HW-Emulation taking too long

UCLA-VAST / FlexCNN

BSD 3-Clause "New" or "Revised" License

70 stars 17 forks source link

HW-Emulation taking too long #17

Closed anujp10 closed 3 years ago

anujp10 commented 4 years ago

Hello,

I was trying to run the original SDx Project with only 1 memory bank active i.e. I used "XCL_MEM_DDR_BANK0" for all the input buffers namely "buffer_cin", "buffer_weight", "buffer_bias", and "buffer_config". The simulation took almost 35ms and it still didn't finish. I have the following questions regarding the above use case:

Is the runtime of the "hw-simulation" expected to be 24.7ms?
Also, if I use 1 memory bank as suggested above will it take more time?

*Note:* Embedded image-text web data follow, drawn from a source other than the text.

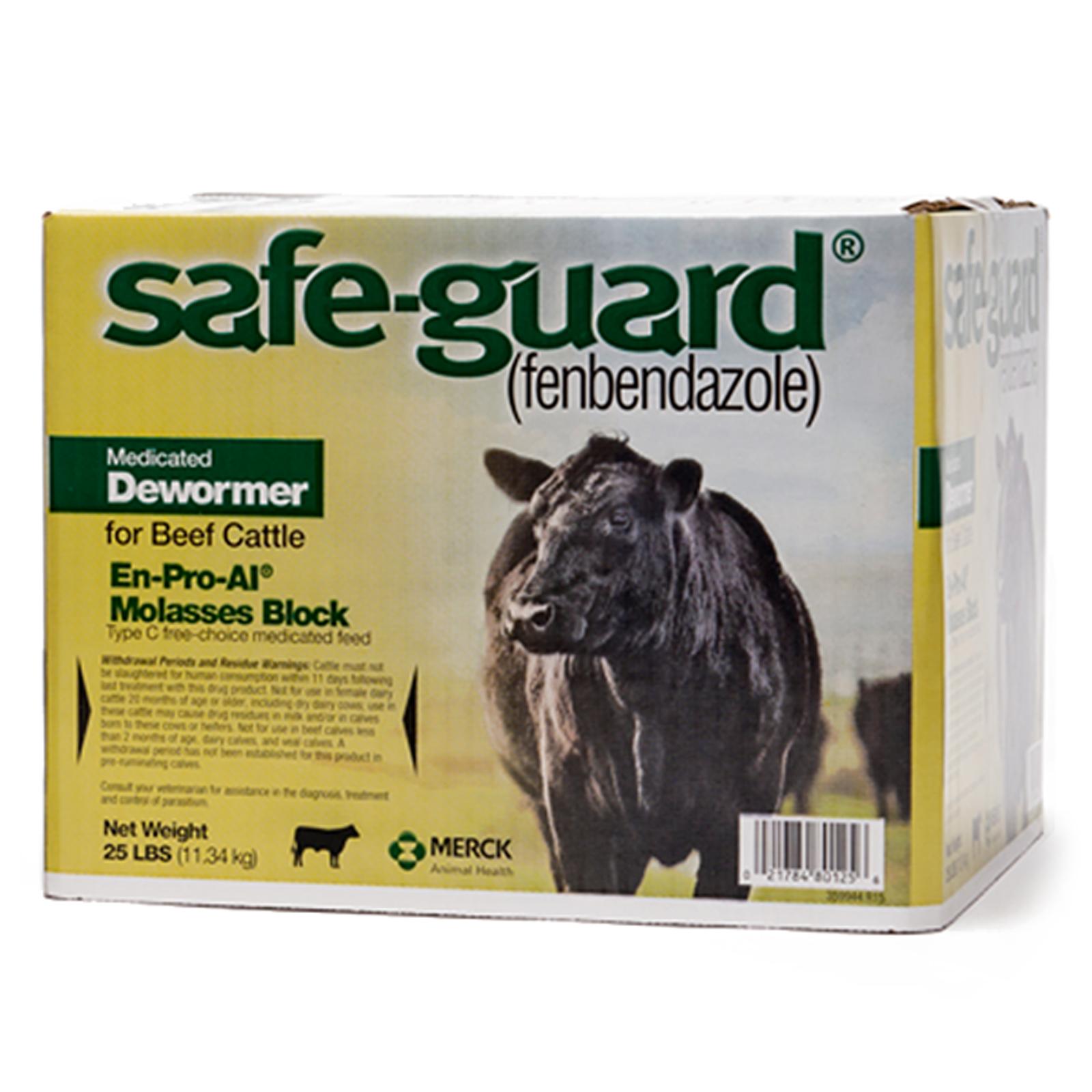 Merck Safe-Guard EN-PRO-AL Molasses Block Medicated Dewormer for Beef Cattle, 25-lb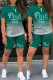 Green Fashion Casual Gradual Change Letter Hot Drill O Neck Short Sleeve Two Pieces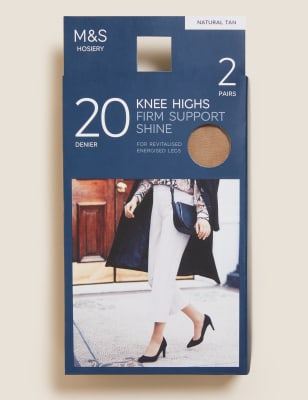 

Womens M&S Collection 2pk Firm Support Shine Knee Highs - Natural Tan, Natural Tan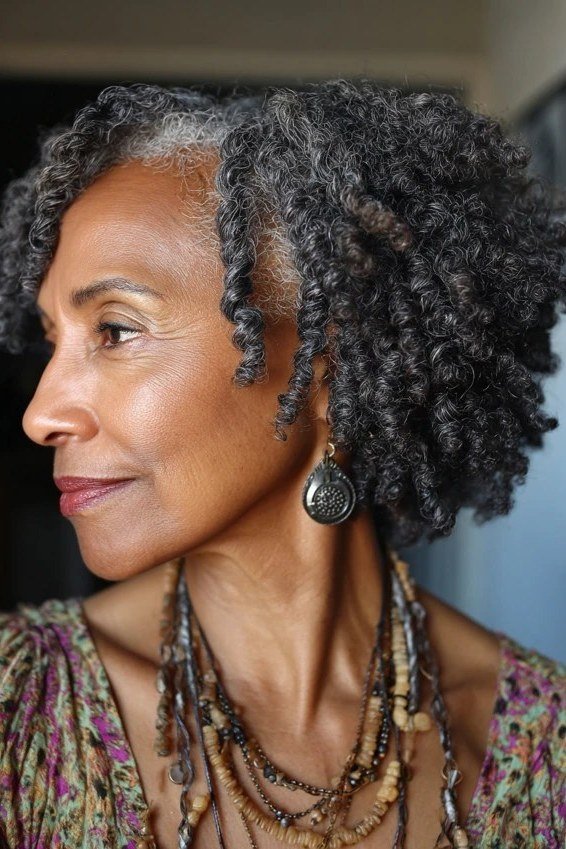 Short coily twists for mature Black women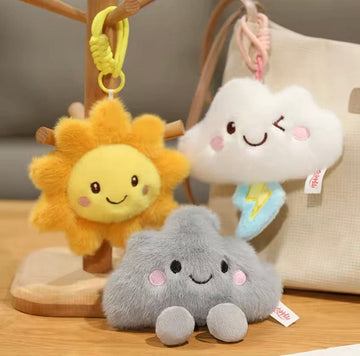 Creasowl Cartoon Weer Serie Knuffels – Zon, Wolk, Bliksem - Leuke Mini Pluche Hangers voor Tas, Auto of Cadeau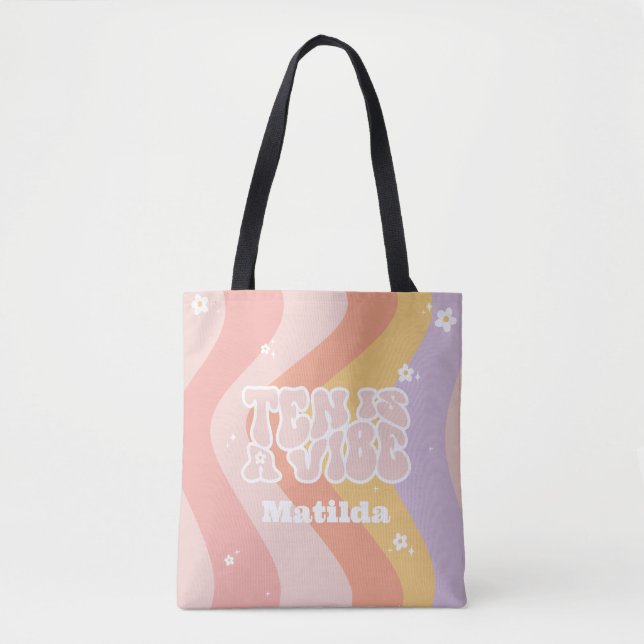 groovy rainbow ten is a vibe 60's retro daisy cool tote bag (Front)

Also, I used the default memory bank configuration (multiple memory banks) as posted in the source code and tried building the system configuration, and I encountered a routing error.

Can you please comment on the above questions?

Regards

atefehsz commented 3 years ago

The time to run the HW emulation depends on the number of layers you are using and the resolution of each, but generally, it should be much longer than what you got. For the network in the paper, it will take several days.
Yes, using 1 memory bank reduces the performance as you will access memory for all the inputs serially.

What is your target FPGA? Probably, you are overfitting it. You may either reduce the resource consumption or move to a bigger FPGA.

anujp10 commented 3 years ago

Thanks for your reply. I wanted to ask you if I am using the same network as suggested in the paper, should the expected runtime be 24.7ms? Because I tried running the network suggested in the paper with 1 memory bank and ran it for 35ms, but it didn't finish. Also, the FPGA I used was the VU9P (AWS F1 instance) with the same resources as suggested in the paper. So I don't think so I am overfitting it, because I am using the same resources as suggested in the paper.

atefehsz commented 3 years ago

24.7ms is for when you are running it on-board, not the emulation time. The HW emulation takes much longer. When you are using the FPGA on AWS, you should decrease the resource utilization as the tool uses more logic for the interface.